Firstly your linear form s is defined on a strict linear subspace L of the vector spaces of all formal series. Secondly you seem to mix formal numeric series and formal power series, which are distinct rings.

1) 2) By definition of the ring of formal (numeric or power) series over C, the addition and product are commutative, so s(D1+D2)=s(D2+D1) and s(D1D2)=s(D2D1). Now if s is C-linear then s(D1+D2)=s(D1)+s(D2). This is not true anymore for the product, even for convergent series as the product of two conditionnally convergent series might only be divergent. If both are absolutely convergent then the Cauchy-product formula shows that s(D1D2)=s(D1)s(D2). This formula for convergent series is related to 3) below.

3) Every method you mention agrees with the usual sum for convergent series (except maybe Ramanujan's which I don't know about). So adding finitely many convergent series to the mix does not change anything by linearity. By the way the "summation by analytic continuation" is often refferred to as Mittag-Leffler's summation. Be careful though that it is not well defined due to the fact that most analytic continuations yield multivalued functions.

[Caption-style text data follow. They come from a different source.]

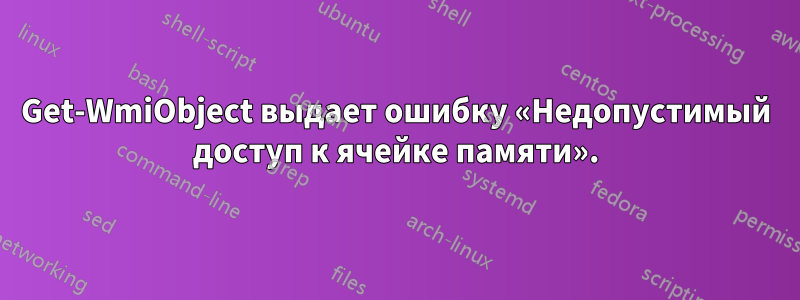 Get-WmiObject выдает ошибку «Недопустимый доступ к ячейке памяти».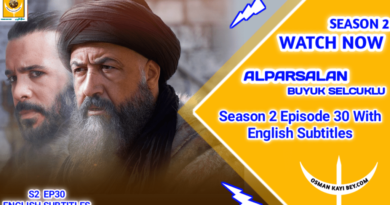Alparslan Season 2 Episode 30 With English Subtitles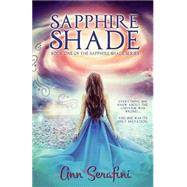 Sapphire Shade by Serafini, Ann, 9781496001818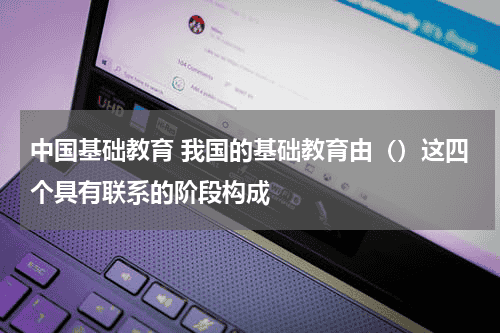 中国基础教育 我国的基础教育由（）这四个具有联系的阶段构成教育资讯网-教育行业资讯百科大全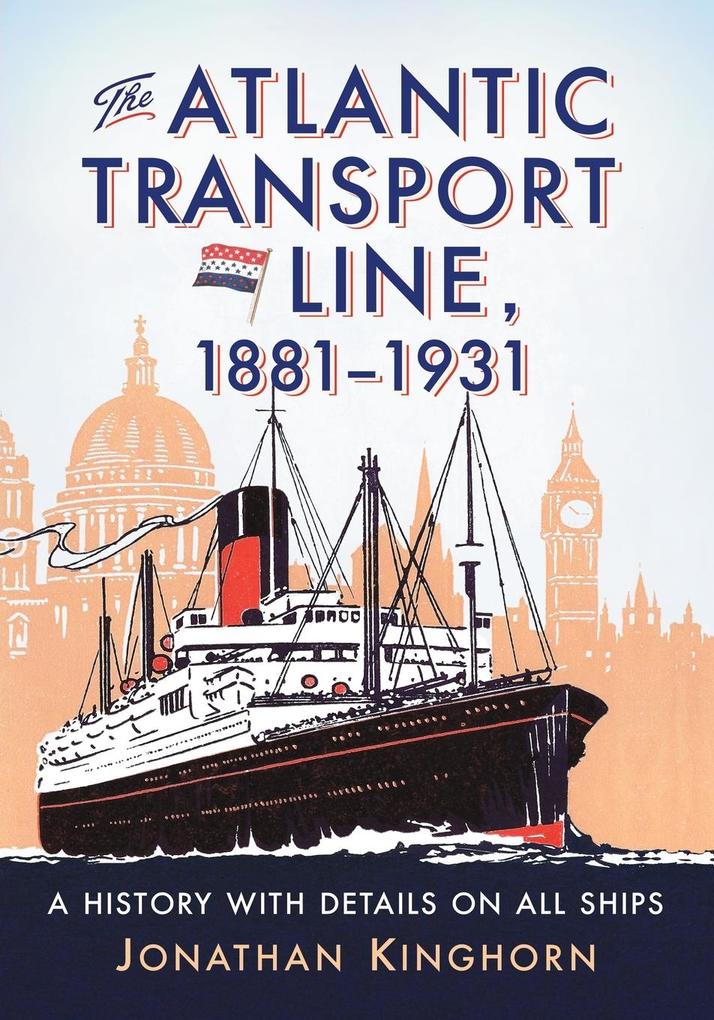 The Atlantic Transport Line 1881-1931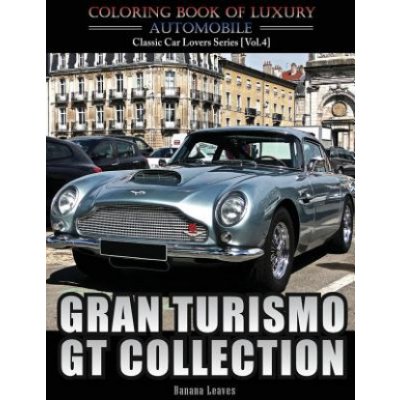 Gran Turismo, GT Collection: Automobile Lovers Collection Grayscale Coloring Books Vol 4: Coloring book of Luxury High Performance Classic Car Seri – Hledejceny.cz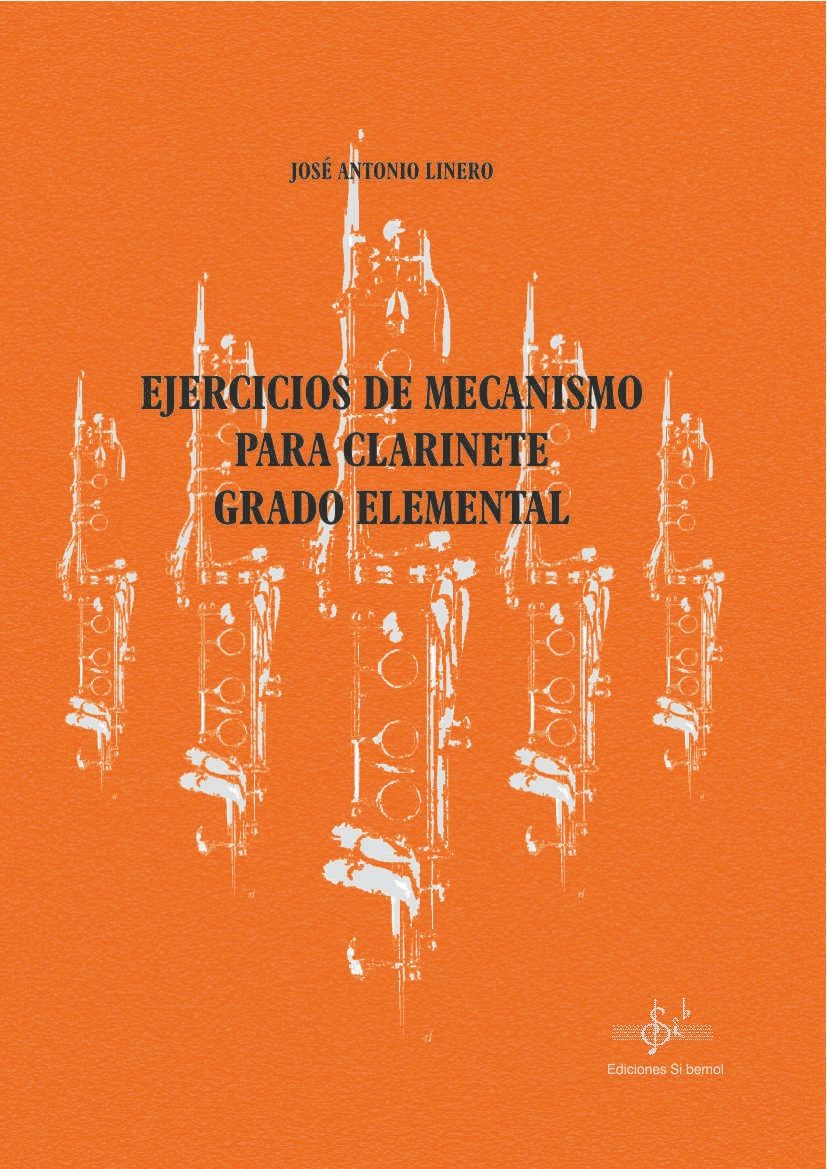Ejercicios de Mecanismo para Clarinete Grado Elemental. Linero, Jose Antonio.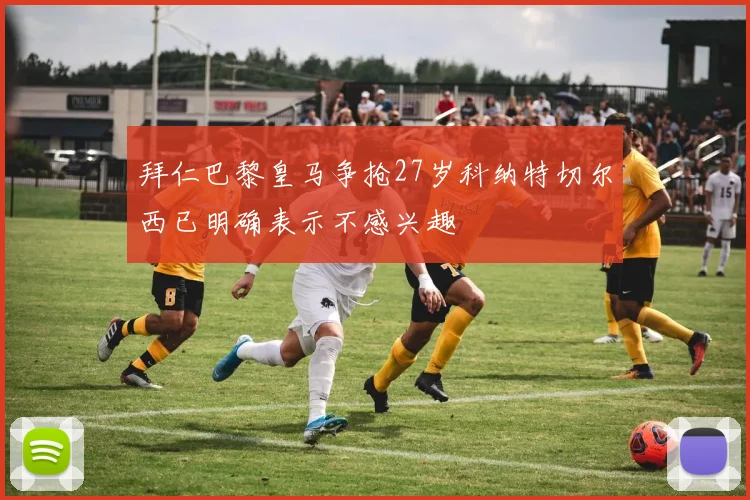 拜仁巴黎皇马争抢27岁科纳特切尔西已明确表示不感兴趣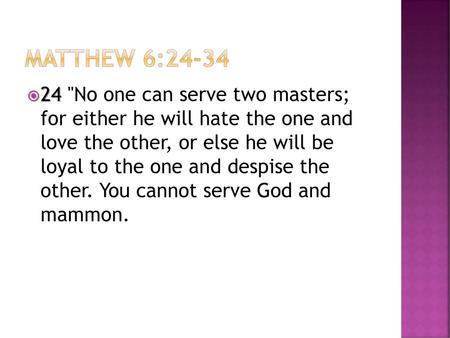 Matthew 6:24-34 24 No one can serve two masters; for either he will hate the one and love the other, or else he will be loyal to the one and despise.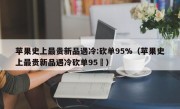 苹果史上最贵新品遇冷:砍单95%（苹果史上最贵新品遇冷砍单95�）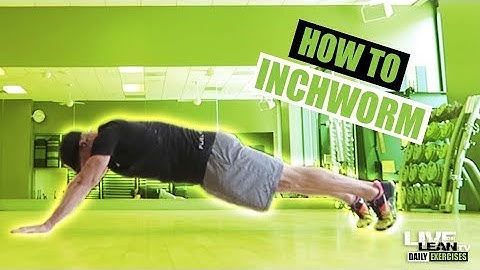 How To: Inchworm Exercise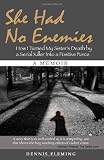 She Had No Enemies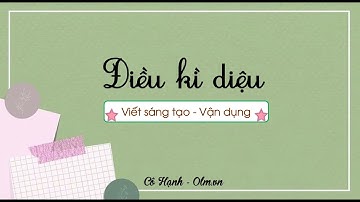Điều kì diệu (Viết sáng tạo, Vận dụng) - Tiếng Việt 3 (Chân trời sáng tạo) [OLM.VN]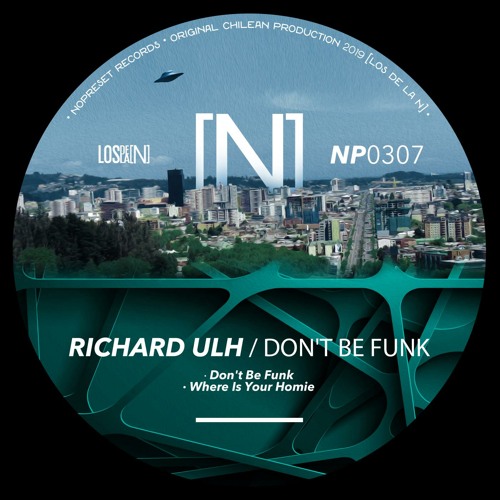 Richard Ulh - Dont Be Funk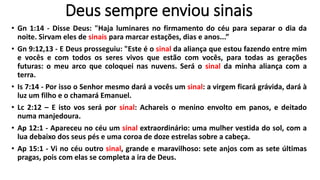 Deus sempre enviou sinais
• Gn 1:14 - Disse Deus: "Haja luminares no firmamento do céu para separar o dia da
noite. Sirvam eles de sinais para marcar estações, dias e anos...”
• Gn 9:12,13 - E Deus prosseguiu: "Este é o sinal da aliança que estou fazendo entre mim
e vocês e com todos os seres vivos que estão com vocês, para todas as gerações
futuras: o meu arco que coloquei nas nuvens. Será o sinal da minha aliança com a
terra.
• Is 7:14 - Por isso o Senhor mesmo dará a vocês um sinal: a virgem ficará grávida, dará à
luz um filho e o chamará Emanuel.
• Lc 2:12 – E isto vos será por sinal: Achareis o menino envolto em panos, e deitado
numa manjedoura.
• Ap 12:1 - Apareceu no céu um sinal extraordinário: uma mulher vestida do sol, com a
lua debaixo dos seus pés e uma coroa de doze estrelas sobre a cabeça.
• Ap 15:1 - Vi no céu outro sinal, grande e maravilhoso: sete anjos com as sete últimas
pragas, pois com elas se completa a ira de Deus.
 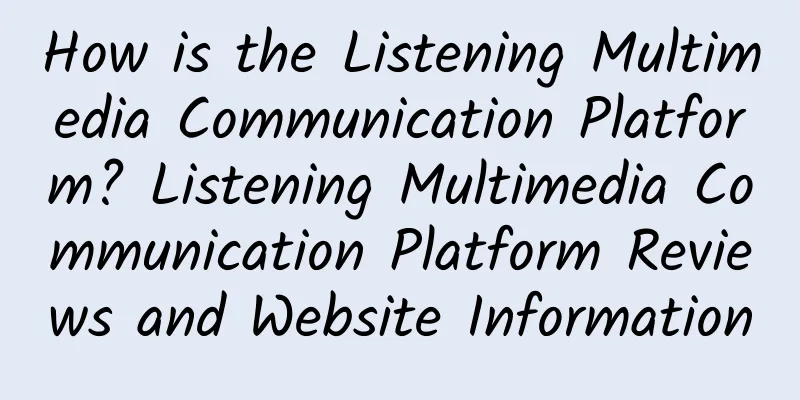 How is the Listening Multimedia Communication Platform? Listening Multimedia Communication Platform Reviews and Website Information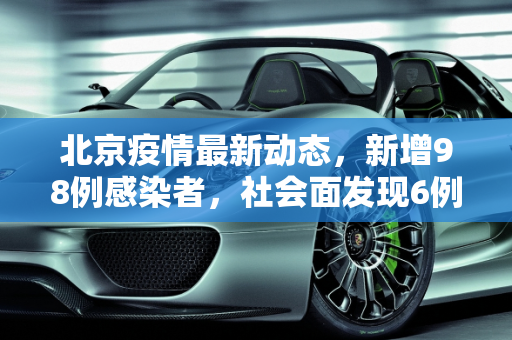 北京疫情最新动态，新增98例感染者，社会面发现6例,北京新增98例感染者社会面6例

I think I should mention a nice paper by Lyubich which tries to axiomatically define what should be a coherent summation method for numeric series. The main property is that, following the afore-mentionned axioms, the sum 1+1+1+ will never be assigned a finite value, i.e. it does not belong to L.

Also as far as I know the regularization process in QFT first transform a "series" of infinite quantities into a formal power series over C which may be (is) divergent, as explained somehow in this thread. In some cases the latter is a Borel-summable power series. See this survey (in French) by J.-P. Ramis for more details regarding this topic.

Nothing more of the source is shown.